Companies that aim at profits and a positive social impact are called Benefit Corporations. Here is everything you need to know about B Corporations.

How A Company Becomes a Benefit Corporation ?

Benefit corporation statutes vary among states, but generally, a company should outline its purpose in the articles of incorporation. The organization must demonstrate that it upholds public benefit through an annual report assessing its social and environmental performance through a third-party standard. Afterward, it will send this report to the shareholders and publish it on its website. You may also need to file the report with the state for approval.

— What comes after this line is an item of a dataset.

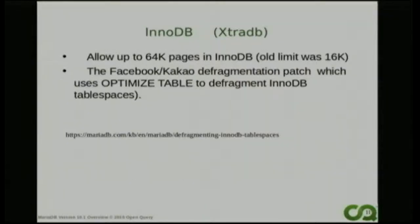In InnoDB, we can do 64K pages now - the old limit was 16K. That's probably most likely to be used if you're doing some tables with big blobs - you may need to have larger page sizes. And defragmentation of InnoDB pages is now available. You can do the optimise table and that'll defragment the pages.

The second way to become a Benefits Corporation is by applying for the B-Corp certification through B Lab. B Lab is a non-profit organization that avails certification to all businesses. The certification comprises completing an assessment evaluating the company’s impact on its stakeholders. B Lab staff then review the assessment for companies that need supporting documentation. If certified by the non-profit B Lab, you are a B Corp, while Benefit Companies registered by the state are called Public Benefit Corporations (PBCs)

Why Form A B Corp?

As a business owner or director, you may want to use your business for purposes other than profit. This will necessitate forming a B Corp to attain your corporation’s mission over time, differentiate your organization from competitors, and appeal to an environmentally and socially conscious audience. Owning a B Corp allows you to choose who to sell your corporation to. As a director, you can sell your corporation at a lower price to a buyer you believe will uphold the mission and values of the B Corp.

Qualifications For A B Corp

A business should have a public benefit purpose and commit to submitting annual reports of the stated mission progress to be a benefit corporation. The documents must include the following public benefit purposes;

  • The positive impact on society and the environment
  • Promotion of music or arts
  • Environmental sustainability
  • Advancements in public education
  • Sharing profits with charities

The Difference Between B Corps And PBCs

PBCs confer legal status, while B Corps do not. However, a prospective B Corp must score well on the impact assessment and incorporate ESG principles in its laws. This Corporation must also recertify every three years and sometimes publish its annual impact reports to update its stakeholders. This requirement is similar to that of PBCs in most states that require publishing a Benefit report.

Understand Your State’s Benefit Corporation Laws

Becoming a B Corp or PBC also depends on location. Some states recognize B corps nationally, while others only appreciate PBCs. Therefore, check with your state laws on whether you can adopt the B Corp framework awaiting your state to catch up with the PBC structure.